Our preteen granddaughters love to watch reruns of the reality show, Mythbusters. It’s a show that tests the validity of myths and conventional wisdom.
The popularity of Mythbusters is but the tip of a huge cultural fascination with skepticism. Skepticism has international conferences, publishers and entertainment venues involving millions of people worldwide. It’s fans are not always the same group as atheists, but they compliment each other.

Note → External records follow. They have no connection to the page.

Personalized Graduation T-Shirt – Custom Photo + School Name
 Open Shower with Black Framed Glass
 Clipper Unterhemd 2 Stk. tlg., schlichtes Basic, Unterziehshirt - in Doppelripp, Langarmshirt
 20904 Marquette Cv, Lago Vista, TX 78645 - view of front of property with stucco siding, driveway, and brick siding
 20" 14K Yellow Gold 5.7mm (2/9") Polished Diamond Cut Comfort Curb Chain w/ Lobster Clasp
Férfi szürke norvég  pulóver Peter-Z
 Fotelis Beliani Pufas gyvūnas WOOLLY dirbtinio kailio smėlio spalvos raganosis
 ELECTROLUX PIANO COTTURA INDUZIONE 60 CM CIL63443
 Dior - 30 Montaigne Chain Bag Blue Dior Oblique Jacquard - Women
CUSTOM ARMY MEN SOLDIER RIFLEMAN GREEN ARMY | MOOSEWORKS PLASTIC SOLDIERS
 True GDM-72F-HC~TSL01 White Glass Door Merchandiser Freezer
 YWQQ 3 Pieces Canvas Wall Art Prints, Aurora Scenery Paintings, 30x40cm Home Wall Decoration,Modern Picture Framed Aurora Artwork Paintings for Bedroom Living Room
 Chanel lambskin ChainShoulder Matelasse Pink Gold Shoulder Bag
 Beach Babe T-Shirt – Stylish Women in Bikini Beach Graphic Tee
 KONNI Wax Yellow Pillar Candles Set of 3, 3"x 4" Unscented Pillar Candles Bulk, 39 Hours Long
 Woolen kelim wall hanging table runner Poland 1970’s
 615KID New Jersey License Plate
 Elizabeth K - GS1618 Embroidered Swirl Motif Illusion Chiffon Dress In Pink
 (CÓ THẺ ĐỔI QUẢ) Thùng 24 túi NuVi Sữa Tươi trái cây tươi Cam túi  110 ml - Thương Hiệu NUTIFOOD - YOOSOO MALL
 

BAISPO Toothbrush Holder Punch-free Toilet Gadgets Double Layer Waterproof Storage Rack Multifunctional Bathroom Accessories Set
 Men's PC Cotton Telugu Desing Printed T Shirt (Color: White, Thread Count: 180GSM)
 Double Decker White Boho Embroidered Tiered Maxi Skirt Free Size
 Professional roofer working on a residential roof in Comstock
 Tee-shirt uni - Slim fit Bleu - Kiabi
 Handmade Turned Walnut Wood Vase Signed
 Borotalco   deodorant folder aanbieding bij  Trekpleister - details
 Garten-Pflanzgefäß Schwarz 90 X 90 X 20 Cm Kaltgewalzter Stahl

Some of the skeptic organizations and popular personalities focus on issues such as faith healers, mystics, psychics, political “birthers”, anti-vaccination advocates and the like. But, a branch of them focus’ on the mythology of religion. As someone wrote recently, in a culture that reveres faith above facts, skeptics are a vanguard of rationalism.
As an example, the James Randi Educational Foundation, founded in 1996, offers a million dollar reward to anyone who, under controlled conditions, can prove the existence of a god figure. No winners so far.
Interest in skepticism is most popular among people under 40. It seems to me this interest in critical thinking is fed by the availability of the computer.
While the Christian faith has done remarkably well when put in competition with other faiths, one has to wonder how it will do in competition with skepticism and critical thinking. It has lost ground in Europe and in the last ten years in the U. S. it has stopped growing.
I’d like to prove there is a god, and win a million dollars, but I can’t.